Chapter 2
Bitter Memories
"Personally, I love Thanksgiving traditions: watching football, making pumpkin pie, and saying the magic phrase that sends your aunt storming out of the dining room to sit in her car." Stephen Colbert, American Comedian
Bobby watched Dean's face turn to a frown as he looked at the number on his phone. Apparently, he didn't know it, and that fact on its own wouldn't be a problem; there was a whole slew of hunters now who called the Winchesters for support and advice. But none of them standing there was foolish enough to assume that the call had nothing to do with the big, black car sitting in the driveway. It also didn't help that Azrael, creepy thing that she was, looked intrigued by this turn of events. Bobby was pretty sure that what she found interesting was probably bad news for them.

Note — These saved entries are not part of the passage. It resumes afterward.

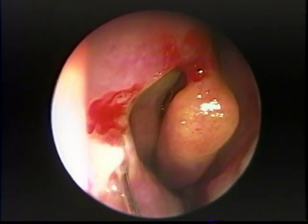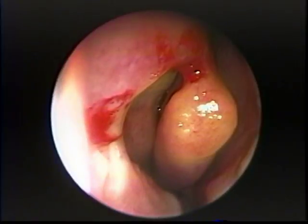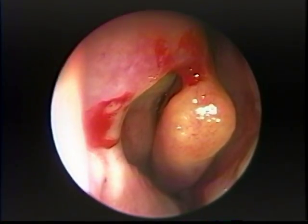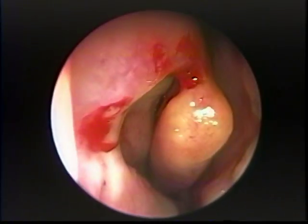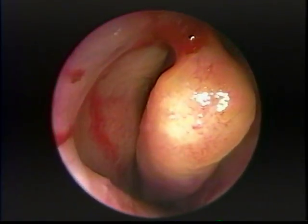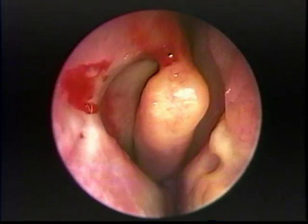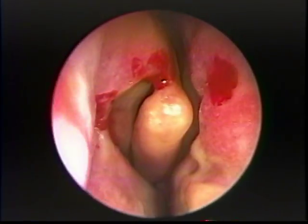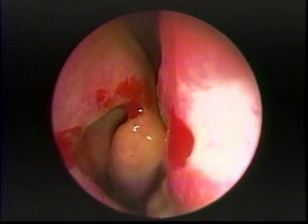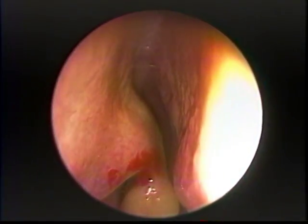CT scan shows localized ostiomeatal complex obstruction together with what may be a type 1 hypoplasia of the maxillary sinus. Unfortunately, the CT scan was done at a rather inappropriate cutting angle and therefore it is very difficult to interpret.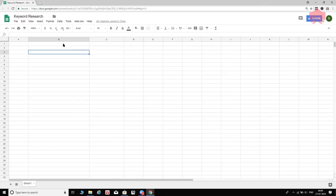Let's start with the first step within the keyword research process — we'll call this Brainstorm. What we're going to do is brainstorm and come up with keywords that we think will be appropriate for our business. I'm taking a fictional business here: let's assume we are going to start a French language training institute for people in San Antonio, Texas.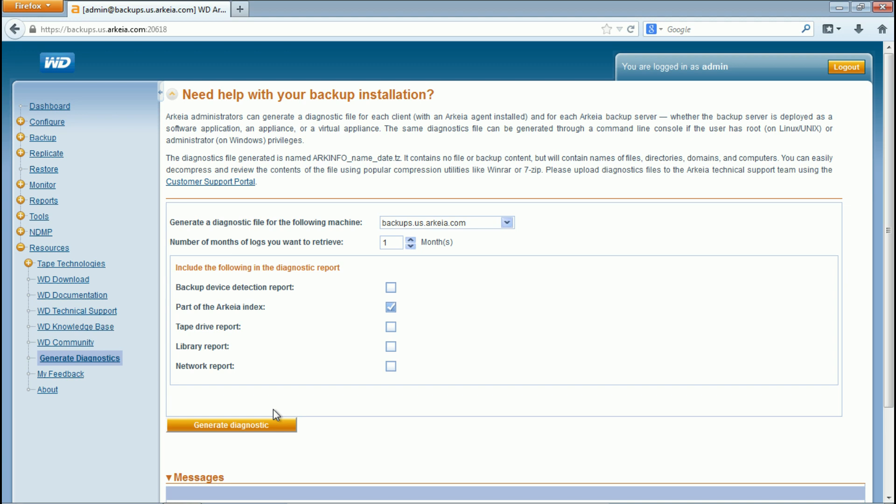When requesting a tape drive or library report, please ensure that you have stopped the library in the WD Arkeia web UI.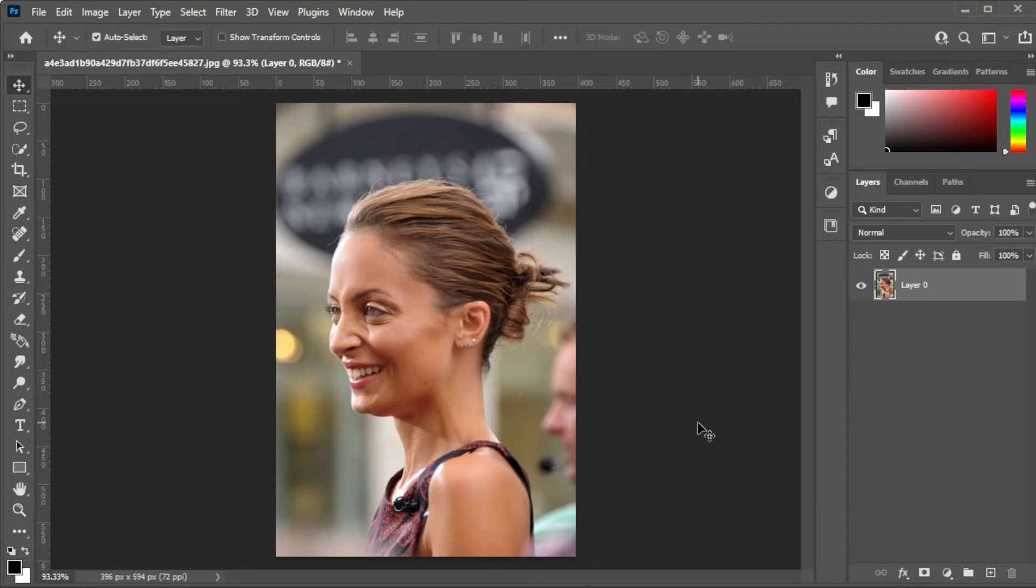First, open the image that you would like to edit in Photoshop. Now, in the toolbar, select the lasso tool.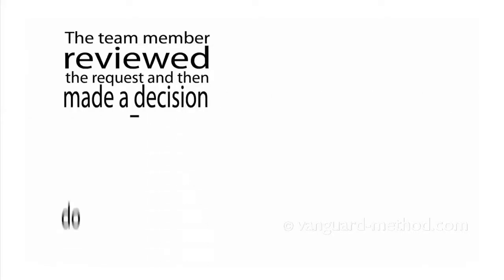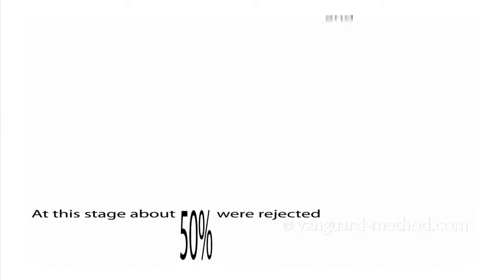The team member reviewed the request and then made a decision: do we quote or not? At this stage, about 50% were rejected and 50% carried on.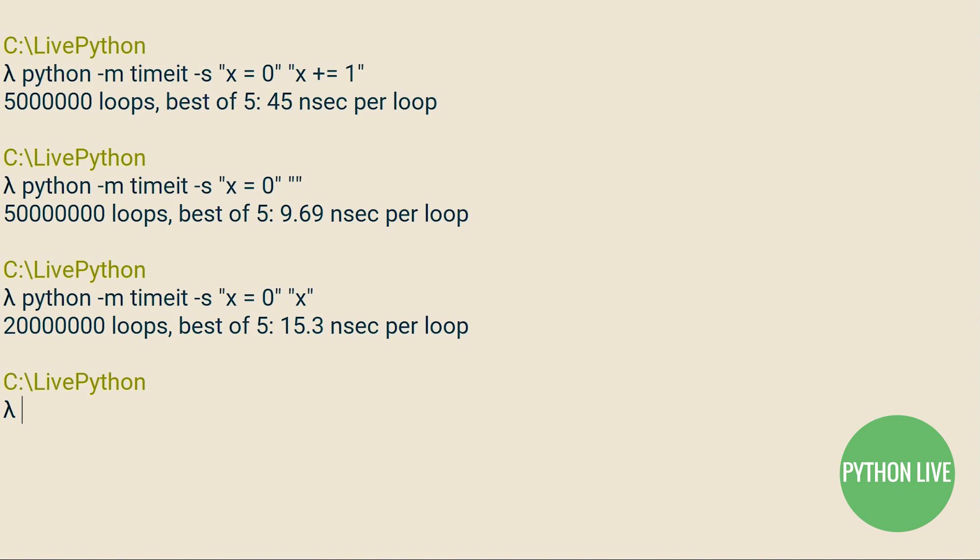Even attribute lookup takes a not inconsiderable amount of time, adding a further 5 nanoseconds per loop. So in total, that's close to 15 nanoseconds of the total 45 nanosecond per loop execution time that we initially arrived at. We've demonstrated that there's roughly a third overhead in this simple example.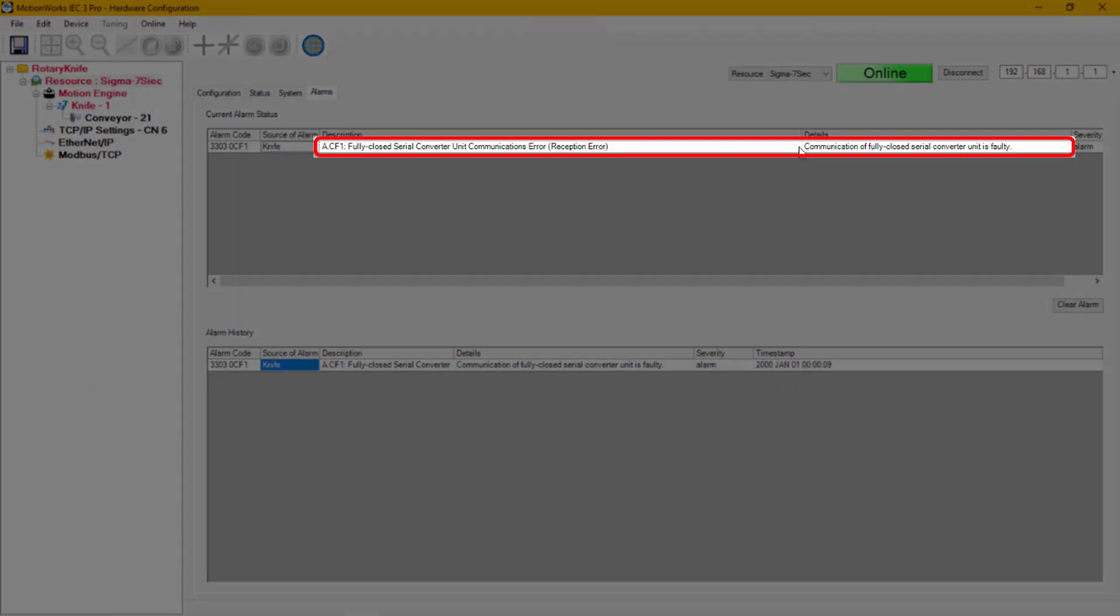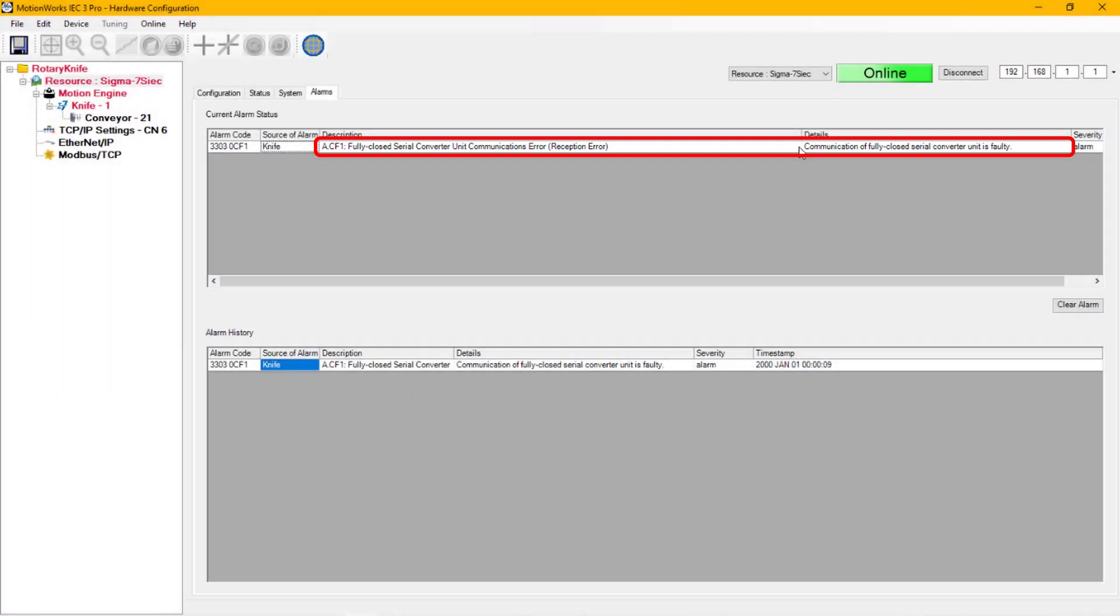When the controller turns back on, an A.CF1 alarm will appear. Basically that means that there is no encoder file loaded on the feedback option card.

Dean pressed talk and then speakerphone almost simultaneously, and still had time to look perturbed at the angel, who was busy moving between the black car and his all-but-husband. It wasn't a surprise he didn't like Cas's protective streak. "Hello?" Dean said loud enough to be heard over the gold winter wind.
"Hello, Dean Winchester. I can guess that you've connected this call to the car now sitting in your driveway."
"Who are you?" Dean asked.
"That's actually a complicated answer, so let me explain. I'm here to help, and I have in my car one of my employees. Her name's Charlie Bradbury. She's a tech expert who can help you set up a security system and a computer system that can out-do anything any hunter has ever seen."
"What makes you think we need a security system?" Bobby asked because his house had been secure and now it was practically fortified thanks to the angels."
"Bobby Singer, I think?" the voice on the phone said. The man had a slight drawl, and Bobby could tell that there was a light wanting to turn on in Dean's noggin, but something wasn't quite meshing to connect the wiring to make it happen.
"That's me."
"I am pleased to meet you, so to speak. I have heard good things. What you have done to create a hunter network sans high tech equipment is nothing short of amazing."
"Thanks," he replied for lack of something else to say. He was fairly sure, from the guy's tone, that that wasn't a dig at his abilities or his lack of technology.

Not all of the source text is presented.